### Task statement
Would you transcribe the whole listing exactly, minus its pictures?

### Data block
⁂

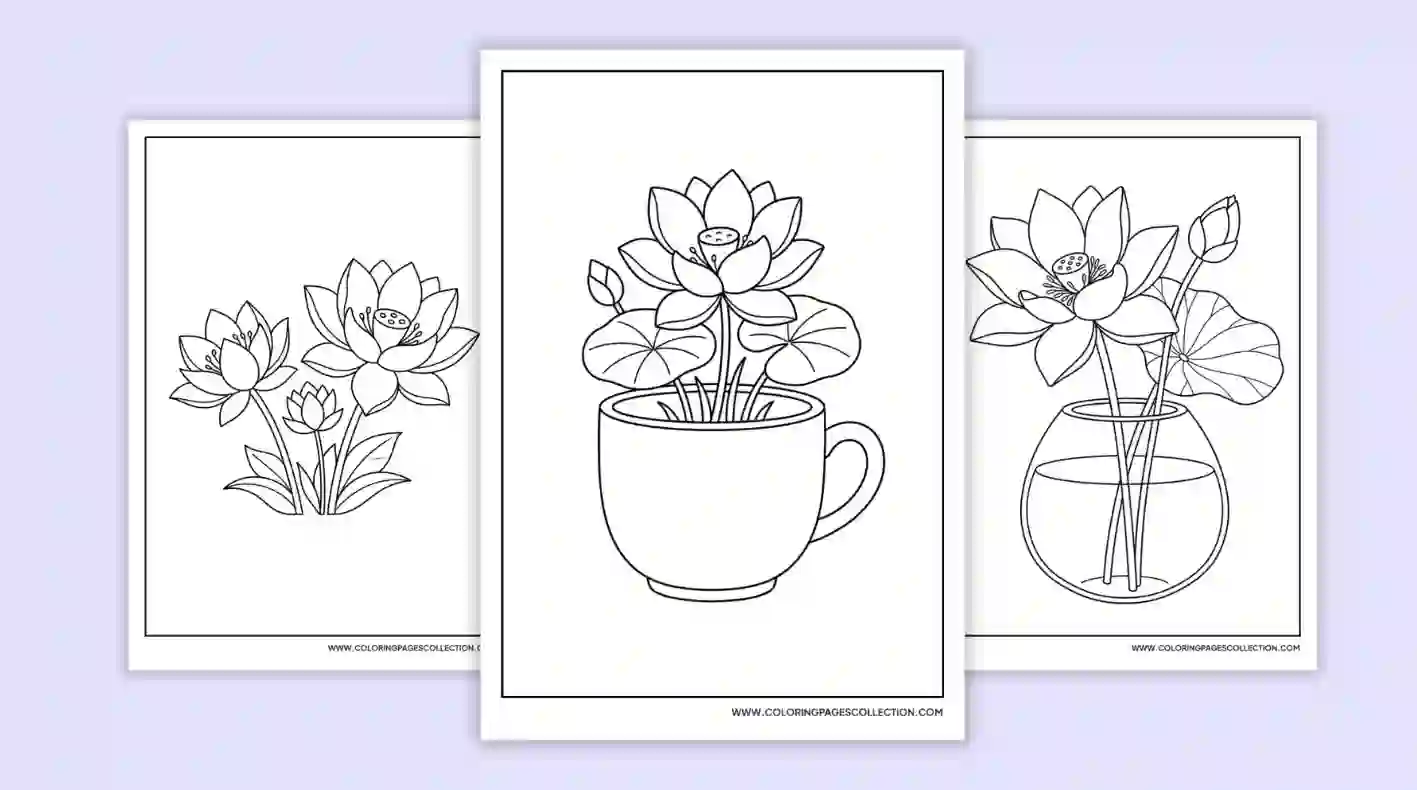 coloringpagescollection.com
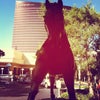 Wynn Resorts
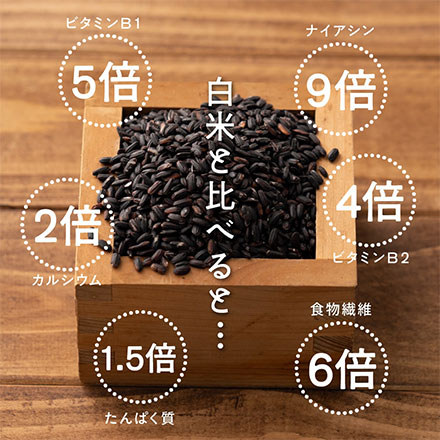 雑穀米本舗 国産 黒米 4.5kg(450g×10袋)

⁂

### Answer box
 coloringpagescollection.com
 Wynn Resorts
 雑穀米本舗 国産 黒米 4.5kg(450g×10袋)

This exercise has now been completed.